琥珀色で透明な、きれいに作られたウイスキーしか知らない身には、少し白く見えるだけでどぶろくの様に見えてしまう。



リーズナブルなスタンダードウィスキーに比べれば、はるかに年代物の10 YEARS OLD。
なのに匂いは若々しい。
若い故に深みは感じられない。
が、その爽やかな香りは複雑玄妙。
ボトル一度きりの封の切りたて時の香りを何度も嗅ぎ、何度も陶然とした。
どれだけの香り成分が含まれているのか。
ふくよかさの芽がいくつもいくつも伸び始めていた。



口に含むと、生まれて10年経過した味わいがあるにもかかわらず、ここでも明らかに若く感じる。
しかし飲んだ後の余韻の豊かさ長さは年代物であるが故。
これらアンバランスな発展途上の旨味がおもしろい。
やはりもっと熟成させねばいけないだろう。
しかしどうすればこんなにゆっくりと醸すことができるのだろう。



この原酒の伸び代は18年、25年とあるのでは。
18年くらいしてようやく熟成し、25年で老成といったところか。
私が酒代を奮発して飲めるのは12年物がいいところ。
こんなこと書いておきながら18年物なんて飲んだことはない。
が、この原酒なら思いっきり背伸びして18年物、25年物を買って飲んでもいいかな、飲んでみたいな、と思わせる。
家にあるレモン・ハートを引っ張り出してきてページをめくってみると、アードベッグには17年物、29年物なんてのがあるらしい。

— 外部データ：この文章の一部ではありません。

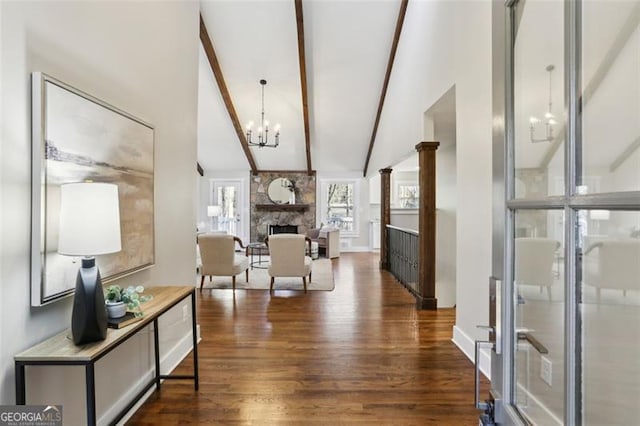 interior space with high vaulted ceiling, dark hardwood / wood-style floors, a notable chandelier, a fireplace, and beamed ceiling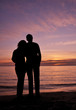 Newlyweds watching sunset on the seashore Newlyweds watching sunset on the seashore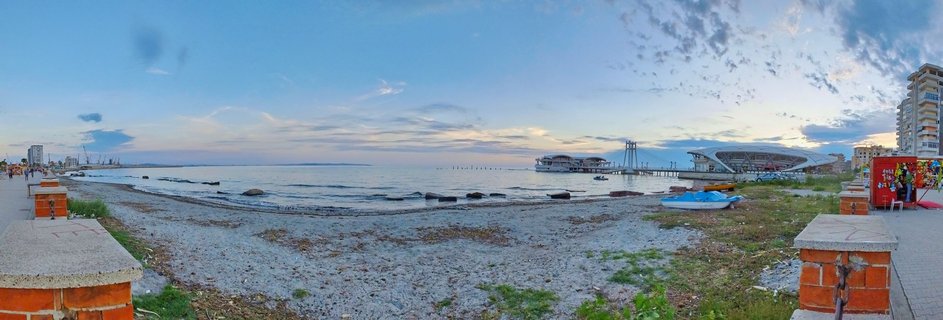 Wide panoramic photograph of Durrës beach and waterfront in Albania showing the Adriatic Sea, modern buildings on piers, pebble shoreline, promenade with pedestrians, and high-rise buildings under partly cloudy evening sky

すでに旨いこの酒に刻の深みを加えたならどうなるのだろう。
空恐ろしい。
年を置き、今芽生え始めている予兆がどうなるのか想像をたくましくする。
気分は才能豊かな若き芸術家を見守るパトロンのそれだ。
おもしろき酒である。
こんなのに出会うとやはりシングルモルトを飲まないといけないな、と思う。